‘This Should Be Shocking:’ Read a Federal Appeals Panel’s Sharp Rebuke of the Trump Administration

A federal appeals court in Virginia issued a striking opinion on Thursday, reaffirming that the Trump administration had to take a more active approach in seeking the release of a Maryland man, Kilmar Armando Abrego Garcia, who was deported to El Salvador last month despite a court order expressly forbidding him from being sent there.

But the opinion, authored by Judge J. Harvie Wilkinson III, a conservative jurist appointed by President Ronald Reagan, contained far more than simple legal instructions to the White House. The brief order also rebuked Trump officials for their apparent disregard of the bedrock principles of due process and for allowing a man whom they have acknowledged they wrongfully deported to continue to languish in a foreign prison.

At the same time, Judge Wilkinson, in an almost elegiac tone, gave an emphatic reminder that American democracy rests in part on mutual respect between the executive and judicial branches and lamented recent attacks by President Trump and his allies on the federal courts.

The New York Times annotated the court’s opinion.

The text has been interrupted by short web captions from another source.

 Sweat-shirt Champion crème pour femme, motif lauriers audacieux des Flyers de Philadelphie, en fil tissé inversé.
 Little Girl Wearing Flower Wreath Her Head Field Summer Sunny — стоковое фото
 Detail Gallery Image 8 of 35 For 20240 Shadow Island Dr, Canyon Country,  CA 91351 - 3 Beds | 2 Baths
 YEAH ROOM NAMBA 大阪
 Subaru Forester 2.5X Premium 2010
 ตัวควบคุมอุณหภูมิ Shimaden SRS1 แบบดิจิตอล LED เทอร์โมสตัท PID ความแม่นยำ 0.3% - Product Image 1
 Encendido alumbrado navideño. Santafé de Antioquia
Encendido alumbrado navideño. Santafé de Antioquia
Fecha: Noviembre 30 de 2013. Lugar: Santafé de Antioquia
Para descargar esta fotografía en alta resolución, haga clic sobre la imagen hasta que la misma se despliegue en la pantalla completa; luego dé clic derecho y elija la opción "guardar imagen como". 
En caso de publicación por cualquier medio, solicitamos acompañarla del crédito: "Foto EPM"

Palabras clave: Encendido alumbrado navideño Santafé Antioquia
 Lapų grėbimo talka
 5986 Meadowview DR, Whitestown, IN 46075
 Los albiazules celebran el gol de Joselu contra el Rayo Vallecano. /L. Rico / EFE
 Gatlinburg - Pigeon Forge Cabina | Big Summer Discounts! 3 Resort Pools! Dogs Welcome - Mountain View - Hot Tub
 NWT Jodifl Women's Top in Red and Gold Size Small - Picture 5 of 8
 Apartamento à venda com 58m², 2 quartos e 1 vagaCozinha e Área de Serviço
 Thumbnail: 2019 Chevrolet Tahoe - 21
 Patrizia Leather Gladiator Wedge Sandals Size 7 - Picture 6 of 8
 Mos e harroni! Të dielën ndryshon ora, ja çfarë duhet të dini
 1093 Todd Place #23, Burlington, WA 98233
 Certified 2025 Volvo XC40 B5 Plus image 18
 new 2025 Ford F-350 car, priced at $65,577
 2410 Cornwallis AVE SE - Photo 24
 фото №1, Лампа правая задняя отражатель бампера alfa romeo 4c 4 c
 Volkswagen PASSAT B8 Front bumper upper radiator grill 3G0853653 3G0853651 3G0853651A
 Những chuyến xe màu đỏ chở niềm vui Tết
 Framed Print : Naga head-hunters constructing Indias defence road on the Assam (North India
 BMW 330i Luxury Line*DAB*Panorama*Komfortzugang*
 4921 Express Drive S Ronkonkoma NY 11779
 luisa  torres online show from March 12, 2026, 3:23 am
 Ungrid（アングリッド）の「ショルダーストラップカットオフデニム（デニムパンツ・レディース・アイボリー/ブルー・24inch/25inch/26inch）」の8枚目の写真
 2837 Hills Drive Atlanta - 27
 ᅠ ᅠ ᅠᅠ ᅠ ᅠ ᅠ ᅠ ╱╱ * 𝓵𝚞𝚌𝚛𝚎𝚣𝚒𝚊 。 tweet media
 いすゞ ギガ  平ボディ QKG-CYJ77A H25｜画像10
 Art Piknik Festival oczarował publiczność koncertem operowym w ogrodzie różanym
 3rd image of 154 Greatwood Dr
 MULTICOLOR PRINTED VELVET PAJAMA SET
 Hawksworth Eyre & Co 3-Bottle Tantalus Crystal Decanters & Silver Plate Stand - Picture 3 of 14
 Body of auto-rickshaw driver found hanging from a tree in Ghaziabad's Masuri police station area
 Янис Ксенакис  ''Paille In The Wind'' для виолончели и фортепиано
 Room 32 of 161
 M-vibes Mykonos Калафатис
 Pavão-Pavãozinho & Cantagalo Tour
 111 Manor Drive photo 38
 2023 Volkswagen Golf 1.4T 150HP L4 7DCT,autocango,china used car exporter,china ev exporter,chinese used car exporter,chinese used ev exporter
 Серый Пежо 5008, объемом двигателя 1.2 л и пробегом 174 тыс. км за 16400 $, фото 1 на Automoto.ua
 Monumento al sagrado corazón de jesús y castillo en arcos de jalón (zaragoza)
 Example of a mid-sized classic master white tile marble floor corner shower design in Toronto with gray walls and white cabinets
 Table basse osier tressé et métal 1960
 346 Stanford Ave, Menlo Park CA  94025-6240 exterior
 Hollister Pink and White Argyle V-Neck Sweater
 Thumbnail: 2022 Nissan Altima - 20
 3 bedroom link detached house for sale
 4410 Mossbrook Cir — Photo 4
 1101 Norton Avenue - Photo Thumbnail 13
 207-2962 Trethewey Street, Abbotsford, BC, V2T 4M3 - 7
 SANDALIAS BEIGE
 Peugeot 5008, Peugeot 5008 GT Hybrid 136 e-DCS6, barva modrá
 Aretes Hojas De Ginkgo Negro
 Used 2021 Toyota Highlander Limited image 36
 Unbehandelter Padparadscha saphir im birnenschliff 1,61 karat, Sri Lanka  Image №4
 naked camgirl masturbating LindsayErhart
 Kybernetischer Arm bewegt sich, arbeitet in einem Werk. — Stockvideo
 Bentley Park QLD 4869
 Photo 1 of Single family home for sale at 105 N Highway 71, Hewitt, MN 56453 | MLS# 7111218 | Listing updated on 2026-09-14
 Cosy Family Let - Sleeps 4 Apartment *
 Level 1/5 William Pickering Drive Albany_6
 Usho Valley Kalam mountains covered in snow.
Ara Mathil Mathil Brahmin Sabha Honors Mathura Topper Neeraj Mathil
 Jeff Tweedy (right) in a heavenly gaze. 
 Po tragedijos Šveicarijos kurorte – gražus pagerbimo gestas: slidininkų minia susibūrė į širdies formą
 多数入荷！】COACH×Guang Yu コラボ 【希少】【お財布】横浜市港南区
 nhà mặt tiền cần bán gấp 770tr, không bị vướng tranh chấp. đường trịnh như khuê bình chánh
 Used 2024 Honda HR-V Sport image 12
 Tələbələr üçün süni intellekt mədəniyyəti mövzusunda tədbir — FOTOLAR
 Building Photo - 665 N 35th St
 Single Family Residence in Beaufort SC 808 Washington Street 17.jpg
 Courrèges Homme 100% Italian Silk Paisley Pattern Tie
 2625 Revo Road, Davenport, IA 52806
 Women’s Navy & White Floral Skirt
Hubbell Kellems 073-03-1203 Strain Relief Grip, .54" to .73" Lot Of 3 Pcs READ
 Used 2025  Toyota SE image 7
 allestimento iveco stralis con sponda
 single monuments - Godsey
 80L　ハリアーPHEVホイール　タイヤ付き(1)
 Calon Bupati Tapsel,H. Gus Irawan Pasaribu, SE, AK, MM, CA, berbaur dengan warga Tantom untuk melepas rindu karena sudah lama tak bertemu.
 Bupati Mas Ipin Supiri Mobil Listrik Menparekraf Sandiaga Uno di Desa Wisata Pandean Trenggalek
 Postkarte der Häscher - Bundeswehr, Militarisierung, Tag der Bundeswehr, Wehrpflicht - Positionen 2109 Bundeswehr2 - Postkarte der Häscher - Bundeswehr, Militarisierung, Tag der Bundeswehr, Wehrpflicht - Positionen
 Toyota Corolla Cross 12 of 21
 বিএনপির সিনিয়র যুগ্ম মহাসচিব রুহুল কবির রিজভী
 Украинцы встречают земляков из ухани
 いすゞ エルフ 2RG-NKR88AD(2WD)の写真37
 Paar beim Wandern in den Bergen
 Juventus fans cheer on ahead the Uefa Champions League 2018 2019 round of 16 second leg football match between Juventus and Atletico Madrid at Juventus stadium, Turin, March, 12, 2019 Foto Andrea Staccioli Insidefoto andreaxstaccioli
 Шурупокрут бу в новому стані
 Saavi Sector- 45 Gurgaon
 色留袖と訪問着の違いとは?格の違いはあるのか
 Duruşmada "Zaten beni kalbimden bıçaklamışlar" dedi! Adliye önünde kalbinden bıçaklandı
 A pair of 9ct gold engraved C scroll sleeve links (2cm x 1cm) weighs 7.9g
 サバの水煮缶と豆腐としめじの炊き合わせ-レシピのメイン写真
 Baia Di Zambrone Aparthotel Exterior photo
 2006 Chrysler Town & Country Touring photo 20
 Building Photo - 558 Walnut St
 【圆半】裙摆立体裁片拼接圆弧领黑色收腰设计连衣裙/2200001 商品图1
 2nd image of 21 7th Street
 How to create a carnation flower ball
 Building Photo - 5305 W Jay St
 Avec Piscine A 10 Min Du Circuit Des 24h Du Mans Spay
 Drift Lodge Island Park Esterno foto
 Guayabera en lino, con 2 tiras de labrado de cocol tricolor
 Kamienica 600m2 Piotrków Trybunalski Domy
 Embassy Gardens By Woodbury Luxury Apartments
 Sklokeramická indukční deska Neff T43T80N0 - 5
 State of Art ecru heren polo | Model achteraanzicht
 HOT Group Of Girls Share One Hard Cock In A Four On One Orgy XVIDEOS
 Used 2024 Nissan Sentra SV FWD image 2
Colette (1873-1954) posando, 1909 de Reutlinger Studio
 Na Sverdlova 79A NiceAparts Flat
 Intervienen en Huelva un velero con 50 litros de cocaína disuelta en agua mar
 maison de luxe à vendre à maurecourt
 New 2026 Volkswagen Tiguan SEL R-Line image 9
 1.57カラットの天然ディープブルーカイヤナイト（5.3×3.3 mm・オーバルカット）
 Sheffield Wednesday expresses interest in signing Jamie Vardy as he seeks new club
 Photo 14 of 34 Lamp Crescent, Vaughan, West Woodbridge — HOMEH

Download the original PDF.

1

Judge J. Harvie Wilkinson III, the opinion’s author, was appointed by President Ronald Reagan and is widely admired. President George W. Bush considered naming him to the Supreme Court.

— Adam Liptak

2

Judge Robert B. King, who was appointed by President Bill Clinton, joined Judge Wilkinson’s opinion.

— Adam Liptak

3

As did Judge Stephanie D. Thacker, who was appointed by President Barack Obama.

— Adam Liptak

4

The administration has been extremely assertive in seeking emergency relief from rulings against it.

— Adam Liptak

5

The opinion goes out of its way to praise Judge Paula Xinis, who has been handling the case in the Federal District Court in Maryland.

— Adam Liptak

6

The Trump administration has repeatedly asserted Kilmar Armando Abrego Garcia, the man it mistakenly sent to El Salvador, is a gang member and terrorist. But Judge Wilkinson is suggesting those accusations are a sideshow to the central issue in the case: that the government wrongly deported a man to a foreign prison and has now effectively washed its hands of him.

— Alan Feuer

7

In a Supreme Court brief, the administration wrote that “the United States concedes that removal to El Salvador was an administrative error.”

— Adam Liptak

8

In his earlier opinion, Judge Wilkinson offered a blunt assessment: “There is no question that the government screwed up here.”

— Adam Liptak

9

That balance largely tracked Judge Wilkinson’s analysis in an earlier opinion in the case. He said Judge Xinis had been right to instruct the government to “facilitate” Mr. Abrego Garcia’s release. But he seemed wary of endorsing another word she had used: “effectuate.”

— Adam Liptak

10

Lawyers for the Justice Department have said that the White House is in fact willing to “facilitate” Mr. Abrego Garcia’s release from Salvadoran custody. But they have offered a narrow interpretation of the word, suggesting that the administration can take an entirely passive posture. Judge Wilkinson is saying that the word “facilitate” requires a more active approach from Trump officials.

— Alan Feuer

11

Chief Justice John G. Roberts Jr. has also said that criticism can be valuable to the judiciary. But in a December report he chastised “elected officials from across the political spectrum” who “have raised the specter of open disregard for federal court rulings. These dangerous suggestions, however sporadic, must be soundly rejected.”

— Adam Liptak

12

President Trump last month said on social media that judges who ruled against him should be impeached. Chief Justice Roberts then issued a rare rebuke: “For more than two centuries, it has been established that impeachment is not an appropriate response to disagreement concerning a judicial decision. The normal appellate review process exists for that purpose.”

— Adam Liptak

13

That phrase is at war with itself and has been criticized for greenlighting Southern defiance of Brown v. Board of Education, the landmark decision integrating public schools. In a 2011 interview, Justice John Paul Stevens said that “a more decisive, prompt decision might have avoided some of the resistance that developed.”

— Adam Liptak

14

Judge Wilkinson has taken has an almost mournful tone about the controversy brewing between the courts and the White House in this case. On Tuesday, the trial judge overseeing it announced that she was opening a high-stakes inquiry into whether administration officials ignored orders from both her and the Supreme Court to work toward securing Mr. Abrego Garcia’s release.

— Alan Feuer

15

Judge Wilkinson, despite his evident concerns, says he remains optimistic that the White House will not persist in seeking an open and damaging confrontation with the courts.